The museum has a snack bar, but there are three other restaurants in the village if it doesn’t suffice. As Tahíche is but a hamlet, admittedly, its dining options aren’t as plentiful and diversified as the big towns in Lanzarote. However, what it lacks in numbers, it compensates with quality food.
Food and Fun
Families traveling with kids especially love La Malecita. The restaurant not only serve tasty plates, it also has amenities for the whole family. Enjoy their three meats, roasties, and Yorkshire pudding before hitting the games room. Parents relax over drinks in the beer garden while their kids play around for hours. Children play to their hearts’ content in the bouncy castles, playroom, and playground. From ping pong to homemade pies, La Malecita’s got it covered.

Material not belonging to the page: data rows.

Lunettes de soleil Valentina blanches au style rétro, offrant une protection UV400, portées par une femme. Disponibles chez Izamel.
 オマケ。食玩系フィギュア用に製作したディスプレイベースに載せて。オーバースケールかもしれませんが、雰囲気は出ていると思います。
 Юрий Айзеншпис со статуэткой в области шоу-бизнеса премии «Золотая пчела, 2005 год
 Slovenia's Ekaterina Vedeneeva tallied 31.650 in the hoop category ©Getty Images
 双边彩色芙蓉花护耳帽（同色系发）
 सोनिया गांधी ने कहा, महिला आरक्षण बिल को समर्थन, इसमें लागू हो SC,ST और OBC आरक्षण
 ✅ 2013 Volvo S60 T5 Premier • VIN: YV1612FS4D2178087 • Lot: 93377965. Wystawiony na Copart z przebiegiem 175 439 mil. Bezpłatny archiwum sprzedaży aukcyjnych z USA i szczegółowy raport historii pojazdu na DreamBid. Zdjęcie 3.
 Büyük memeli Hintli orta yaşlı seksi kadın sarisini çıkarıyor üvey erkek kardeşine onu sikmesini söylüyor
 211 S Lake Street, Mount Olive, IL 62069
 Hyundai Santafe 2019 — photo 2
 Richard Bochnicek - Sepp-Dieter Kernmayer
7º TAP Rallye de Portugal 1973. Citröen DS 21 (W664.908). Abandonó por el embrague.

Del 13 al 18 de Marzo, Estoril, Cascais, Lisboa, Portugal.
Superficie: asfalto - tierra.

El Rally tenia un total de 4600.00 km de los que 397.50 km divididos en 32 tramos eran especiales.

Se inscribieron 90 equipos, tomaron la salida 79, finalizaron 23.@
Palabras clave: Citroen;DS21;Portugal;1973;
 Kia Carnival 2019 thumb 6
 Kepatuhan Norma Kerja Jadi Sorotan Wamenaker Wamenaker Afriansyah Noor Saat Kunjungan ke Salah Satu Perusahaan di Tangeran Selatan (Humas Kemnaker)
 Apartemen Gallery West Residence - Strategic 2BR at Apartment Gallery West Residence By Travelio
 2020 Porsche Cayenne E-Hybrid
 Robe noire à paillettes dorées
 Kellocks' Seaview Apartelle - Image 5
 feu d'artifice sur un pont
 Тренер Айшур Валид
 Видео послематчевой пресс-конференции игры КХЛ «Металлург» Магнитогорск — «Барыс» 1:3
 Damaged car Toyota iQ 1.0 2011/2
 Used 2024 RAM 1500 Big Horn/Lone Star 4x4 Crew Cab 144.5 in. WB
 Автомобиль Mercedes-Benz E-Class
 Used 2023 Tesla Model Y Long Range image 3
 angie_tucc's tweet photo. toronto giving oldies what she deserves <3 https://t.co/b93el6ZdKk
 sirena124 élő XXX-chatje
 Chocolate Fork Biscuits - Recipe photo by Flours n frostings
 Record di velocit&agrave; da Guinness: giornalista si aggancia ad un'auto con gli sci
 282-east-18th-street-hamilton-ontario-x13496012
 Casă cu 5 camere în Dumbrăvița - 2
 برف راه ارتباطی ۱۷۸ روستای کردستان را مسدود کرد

Sweet delights never run short in Tahíche, all thanks to Levain and El Pastelito. Their pastries and bread are always heavenly, freshly made, and perfect with coffee.
Levain is famous for their cakes, tarts, and doughnuts. For those who don’t have a sweet tooth, this bakery has delicious sandwiches. Do try their Serrano ham, cheese, and tomato sandwich. El Pastelito is also a crowd favorite for the same confections. In addition, they make unforgettable meringue, bread, and rolls too.
How to Get to the Volcano House of Manrique
From Lanzarote Airport in San Bartolomé, tourists must take bus lines 22 and 23 to Arrecife first. Both buses have one to two trips per hour on weekdays. They go as early as 7:00 am up until 22:40 pm. As for weekends and holidays, there are fewer trips, but both have at least one almost every hour from 7:10 am to 21:10 pm.
Once in the capital Arrecife, there are plenty of bus options. Bus lines 07, 09, 10, 14, 26, 52, and 53 all stop at Tahíche. Some of them have trips all throughout the week, including holidays. The others though only go on weekdays and with fewer trips too.
More Than a House and a Museum
César Manrique created an abode that also became a haven for a profusion of other astounding art pieces. Within its walls and lava bubbles, he imagined and created. It was the birthplace of a lot of his impressive works dedicated to art in nature and nature in art.
Also known as Taro de Tahíche, the dwelling wasn’t only of unbelievable architecture. Even the landscaping proves just how much effort and thinking the maestro poured into it. From a sea of lava dismissed as worthless, he brought into existence a sanctuary people still marvel at decades after it was built.
The Fundacion César Manrique is more than an artist’s home and Lanzarote’s museum. It’s a witness to great artistry and a treasury of countless masterpieces. Lastly, it is proof that art and nature can co-exist and that there’s beauty even in disasters.